I have been asking this question a lot recently, since I accepted my career in social work is over, because of discrimination. I fought a long, hard battle to return to it, but after over 3 years I have finally accepted I will not be able to earn money as I did. I’ve laughed a lot about it, I’ve cried a lot. My diagnosis of Complex PTSD made me the ‘other’ in the eyes of prospective social work employers. It is a fear and blindness, impossible to fight. Just a wall I couldn’t scale. It’s an odd feeling when you know who you are and what you are capable of, to be seen, viewed in this way. During my 7 years of treatment doing EMDR for PTSD , I had to spend a lot of time at home. I became very ill, physically and was not able to work. I became disabled because of the nature of the injuries I had suffered, and how the therapy impacted on my body remembering the abuse. I could accept this at the time, it felt to me as if this work would be worth it to become free from my trauma, that this was the price I had to pay for feeling and knowing the truth. Always, at the back of my mind I had these thoughts that after I had completed the therapy, I could work again and rejoin life, as I had lived it. Being able to afford to go out , just for a coffee, or shopping, or a trip out to somewhere lovely. A holiday, good food, a massage, to buy flowers. I was at home a long time, on benefits , it was boring at times, but I wrote, I ran, I have my daughter and my animals and my love of nature and most of all my imagination that keeps me going. I used the same skills I created when I was small, to survive the childhood I did. Because not being able to work in this country due to sickness and disability, eventually becomes a deprivation situation. You run out of your savings. You are left to live on money that barely covers your outgoings. The last part of my recovery was to work again and so I tried to change my life, as I have before, but this time I was dealing with other people’s attitudes and prejudices towards my diagnosis. All the fighting I have done was no match for societal discrimination toward a woman with a mental health diagnosis, due to sexual violence. And so I am still at home. No wage, no rebuilding, but now an acceptance which has come through horrendous depression and grief of this loss, that my identity is something else, other than all the years I excelled in my career.

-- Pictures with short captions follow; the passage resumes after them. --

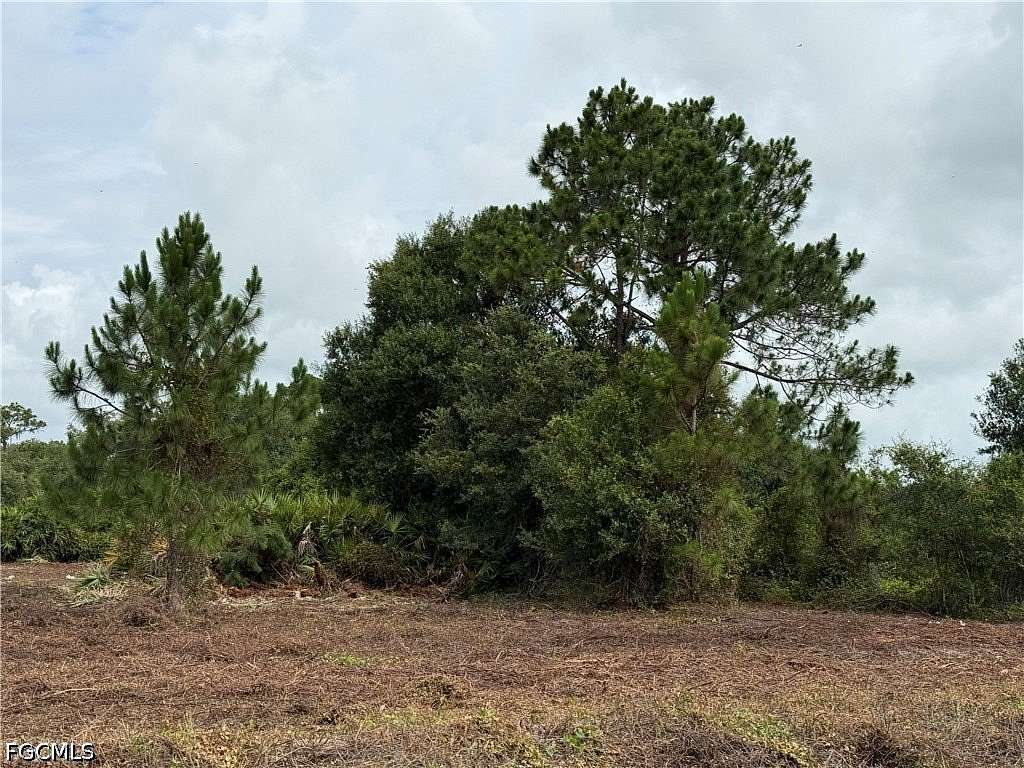 1.25 Acres of Land for Sale in Clewiston, Florida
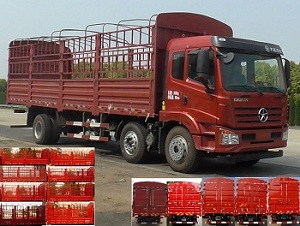 DYQ5250CCYD5CB仓栅式运输车燃油公告图片2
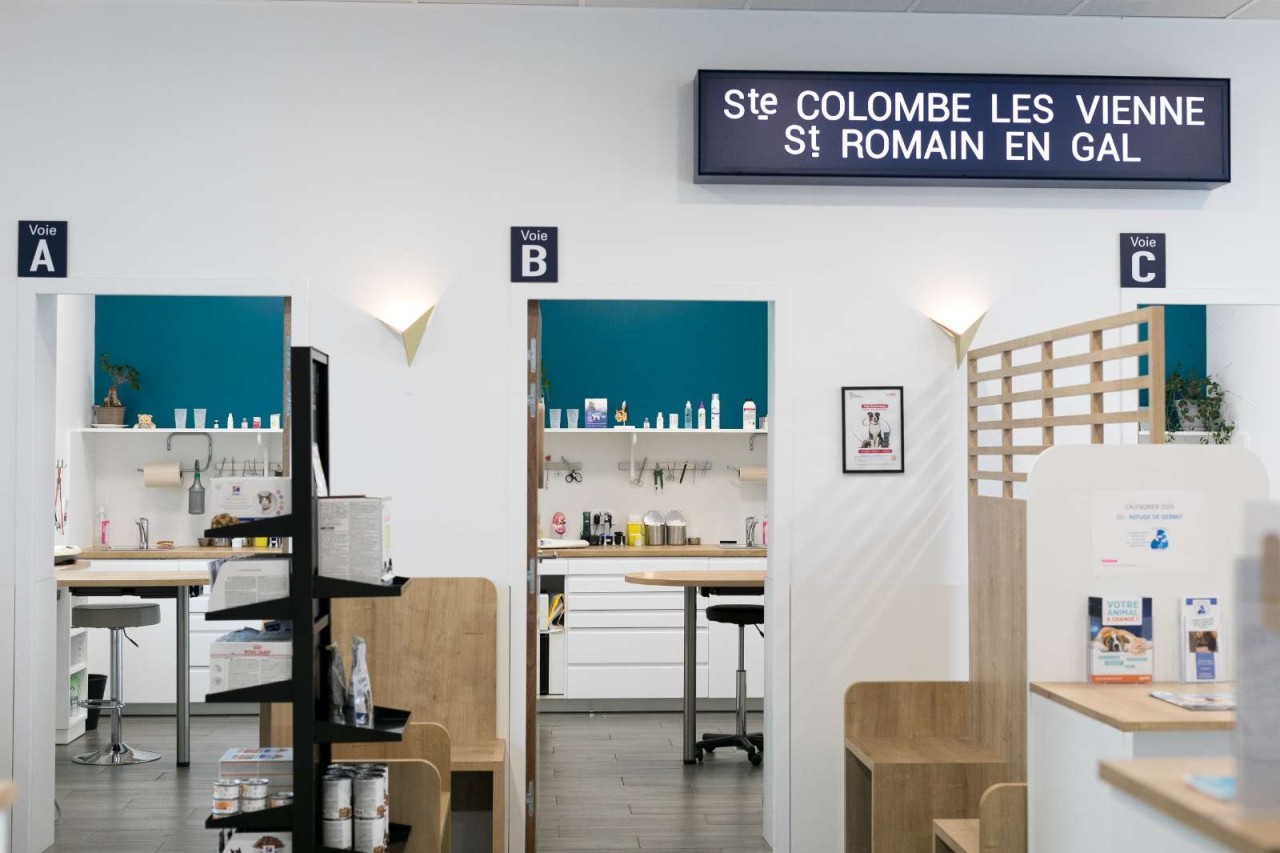 ASV - CDI temps plein sur 4 jours - Clinique de 3 vétérinaires (F/H)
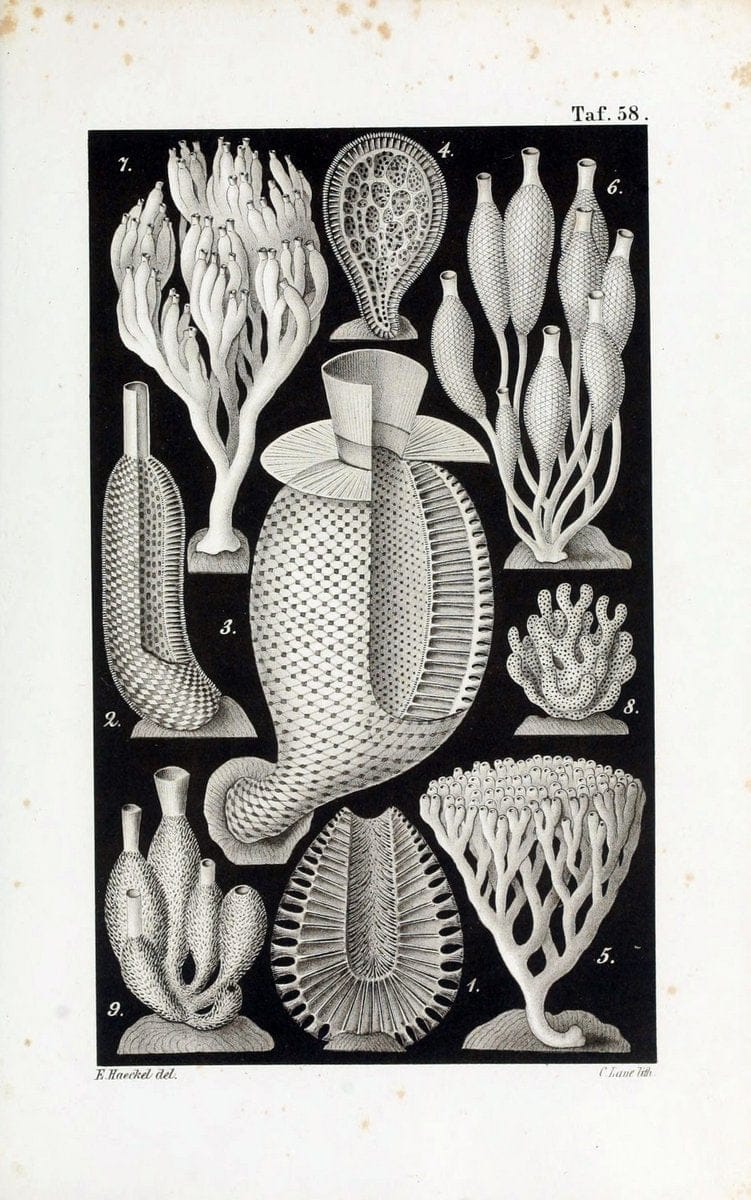 Die KalkschwÃ¤mme..Berlin,G. Reimer,1872.. |  | Vintage Print Reproduction 471697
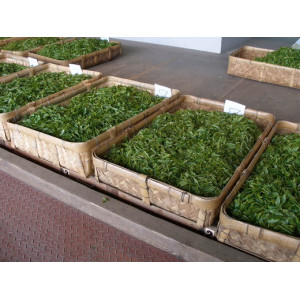 copy of Matcha prah...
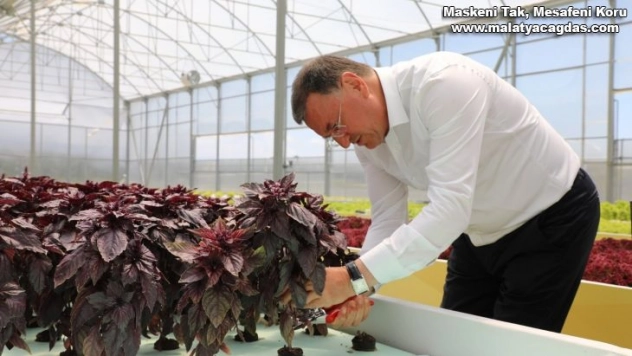 Hatay Büyükşehir topraksız tarımdan ilk ürünlerini hasat etti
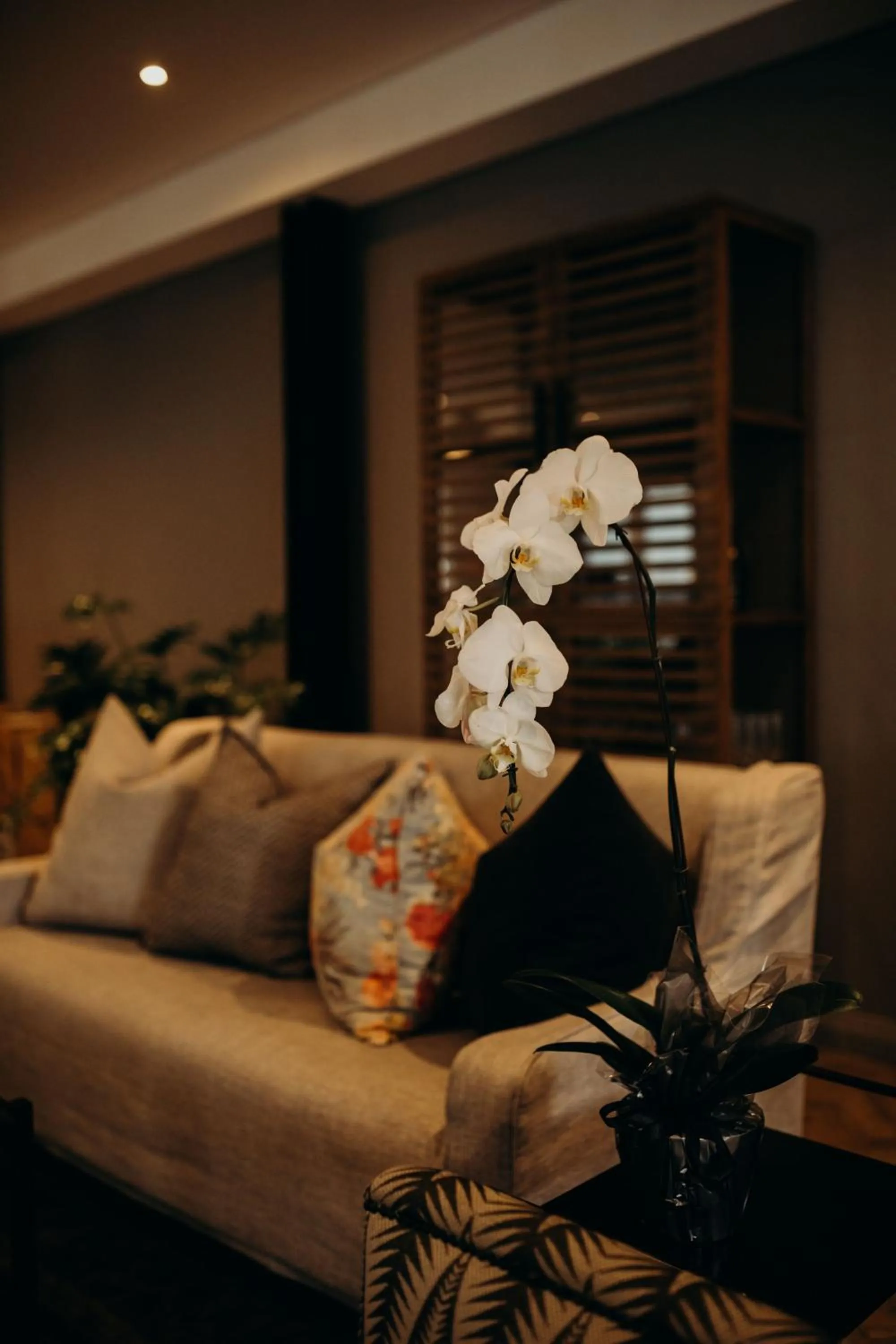 Living room in Franschhoek Boutique Hotel - Lion Roars Hotels & Lodges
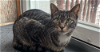 adoptable Cat in palatine, IL named MiMi (aka Menard)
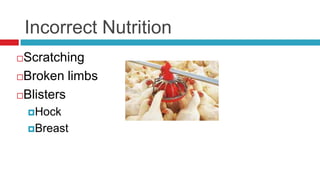 Incorrect Nutrition
Scratching
Broken limbs

Blisters

    Hock

    Breast
 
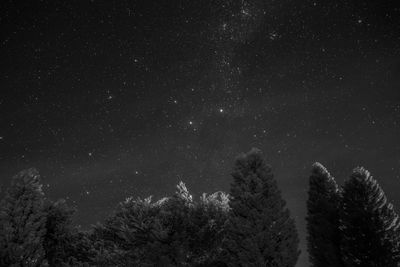 Low angle view of trees against sky at night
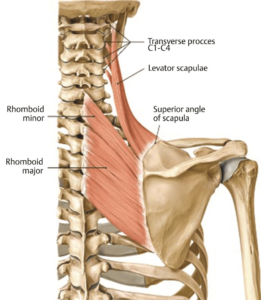 Anatomy of levator scapulae muscle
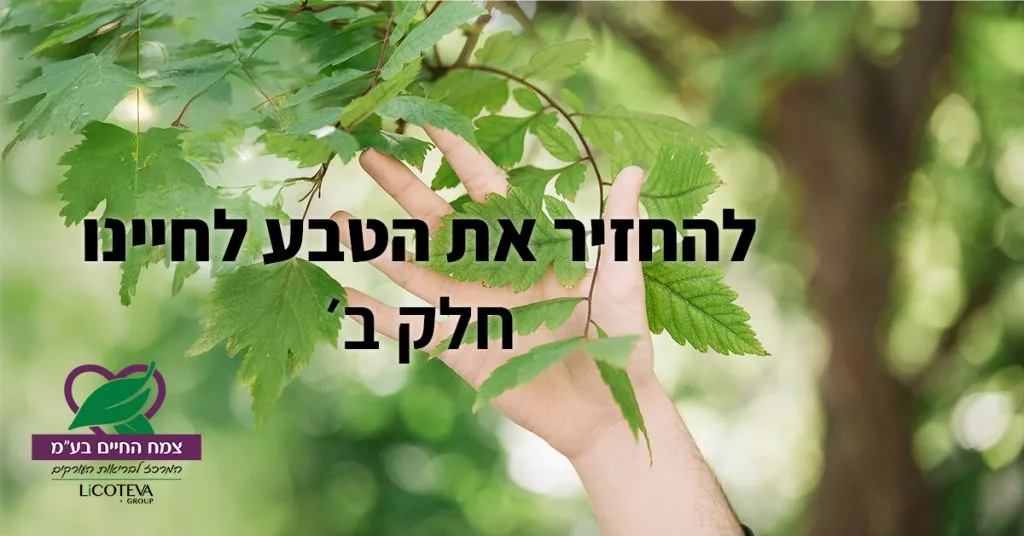 להחזיר את הטבע לחיינו - חלק ב מאמר להחזיר את הטבע לחיינו חלק ב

I think I’m beginning to feel relieved. The injustice of this will never leave me though. I have a roof over my head, I can pay my bills so far, I can just about afford food and all the other items we need. But I’ve no social life, some weeks I can’t even afford a £2.60 bus fare. So many disabled people describe this situation, almost being institutionalised in your home, because of a lack of money. So for a long time now I HAVE to practise gratitude. I’ve got very good at it. It’s a survival skill for me born out of being deprived of the things in life I could once have, and have the potential to have. If I’m not grateful, then where do I go in my mind ? It’s not been easy to do this, especially recently but still I fight, telling myself as I have for years, they will not beat me. I’m a survivor I know how to survive, but what about thriving ? Being allowed to thrive if you have been sick and are disabled. Is that a possibility ? I have to create this for myself now. I am going to keep campaigning for survivors like me, that’s my passion. I’m going to follow my passion. When I ask what’s it all for ? I’ll let my passion show me, I’ll jump off the cliff of not knowing, of having no control and I’ll trust, because all the rest is gone now So if the back’s against the wall, I’ll come out fighting again. I guess that’s what I’ve learned, that’s the only way I know how to live. I can’t give up now I’ve come too far, I can’t accept the deprivation I live with, (and yes I acknowledge so many people have it way worse than me) is the rest of my life.
What’s it all for ? Love, safety, freedom, my daughter. Life. I have life, I have food, I have love, so I’m blessed. I keep it in the day and I keep laughing, and I keep laughing. And I’ll keep laughing. I can loose the lot, but if I loose my sense of humour I’m screwed.